DLP Insights

A director’s waiver of remuneration must be explicitly stated

Categories: DLP Insights, Case Law | Tag: Dismissal, unlawful dismissal

30 Sep 2021

The Supreme Court of Cassation, in its Order no. 21172/2021, established that a director’s waiver of remuneration may be expressed by their conclusive conduct that unequivocally reveals their intention to waive the relevant right. However, the waiving act must be inferred not from the mere failure to request compensation, whatever the reasons, but from external circumstances which give a precise negotiating meaning to the conduct.

Facts of the case

In challenging his dismissal, a manager, who was also managing director, claimed his right to receive remuneration for the position held during the relationship.

The Court of Appeal, rejected the manager’s request, because there were elements that led to the presumption that the assignment was free of charge, including (i) the non-payment of a fee for the assignment period, (ii) the absence of any request on his part during that period, and (iii) the statement made by a witness regarding the decision of the Board of Directors, in the presence of the person concerned, not to pay remuneration.

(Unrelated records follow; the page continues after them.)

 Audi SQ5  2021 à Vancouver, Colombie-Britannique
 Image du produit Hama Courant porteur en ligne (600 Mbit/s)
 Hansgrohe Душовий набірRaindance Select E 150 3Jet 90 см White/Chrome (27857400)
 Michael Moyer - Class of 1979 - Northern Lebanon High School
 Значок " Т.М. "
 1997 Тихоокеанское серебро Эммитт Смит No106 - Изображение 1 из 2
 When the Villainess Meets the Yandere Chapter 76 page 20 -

The manager thus appealed to the Court of Cassation, arguing that he had never waived his right to remuneration for the office of managing director.

The Supreme Court of Cassation’s ruling

The Court of Cassation held that the manager’s claim was well-founded. It reiterated the nature of the director’s relationship as an organic identification with the company. Secondly, it affirmed the director could waive the remuneration, even if not done expressly, as long as with a conclusive conduct “that unequivocally reveals his actual and definitive waiving will.”

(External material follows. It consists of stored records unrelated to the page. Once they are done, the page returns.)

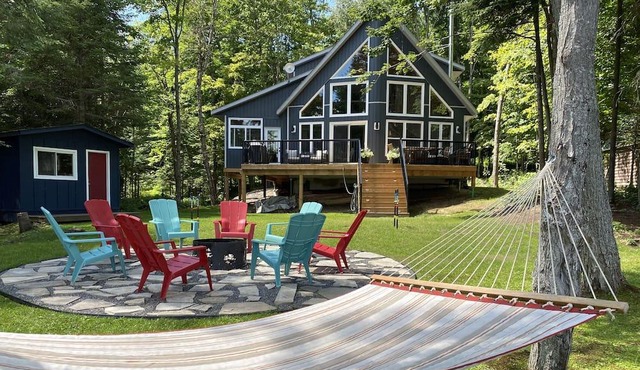 Three Mile Lake Burk's Falls - Muskoka Lake House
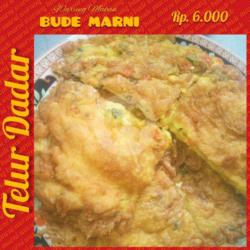 Telur Dadar Goreng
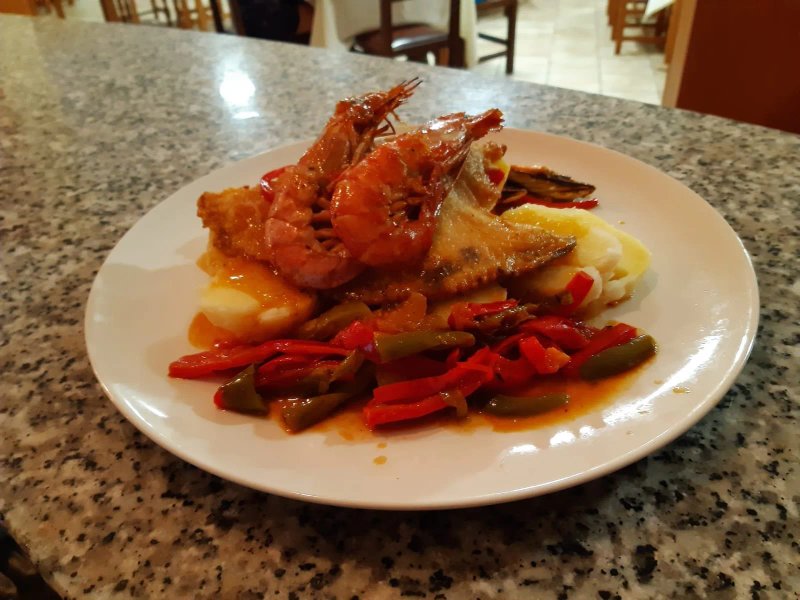 Restaurante Riocaldo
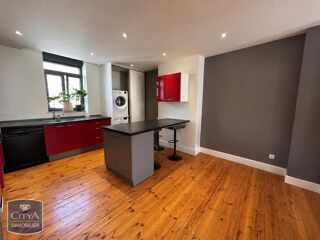  Appartement à louer 3 pièces 68 m²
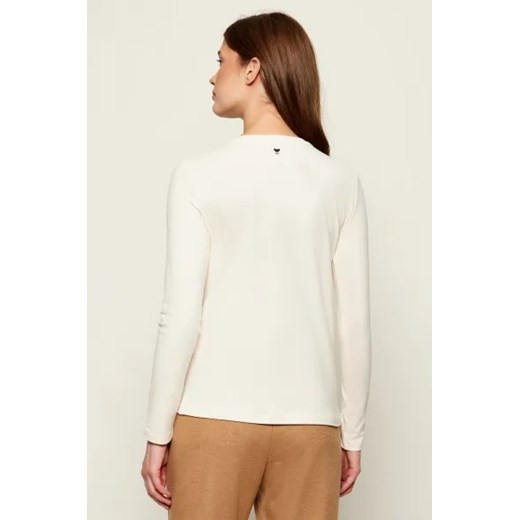 Weekend MaxMara Bluzka RENOIR | Regular Fit Weekend Maxmara S Gomez Fashion Store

As for the notion of “conclusive conduct“, the Court of Cassation referred to a general principle according to which ” for silence to have a negotiating value, it is necessary either that the common way of acting or good faith, in the relations established between the parties, impose the burden or duty to speak, or that the silence of one can be understood as adherence to the will of the other, according to a given historical and social moment and considering the quality of the parties and their business relations.”

According to the Court of Cassation, the trial Court erred in considering the inaction of the parties and the alleged decision of the Board of Directors not to specify anything about the director’s remuneration to be significant. This is because the manager’s omissive conduct cannot be seen as a manifestation of will.

The Court of Cassation thus annulled the ruling and referred the parties to a different section of the Court of Appeal.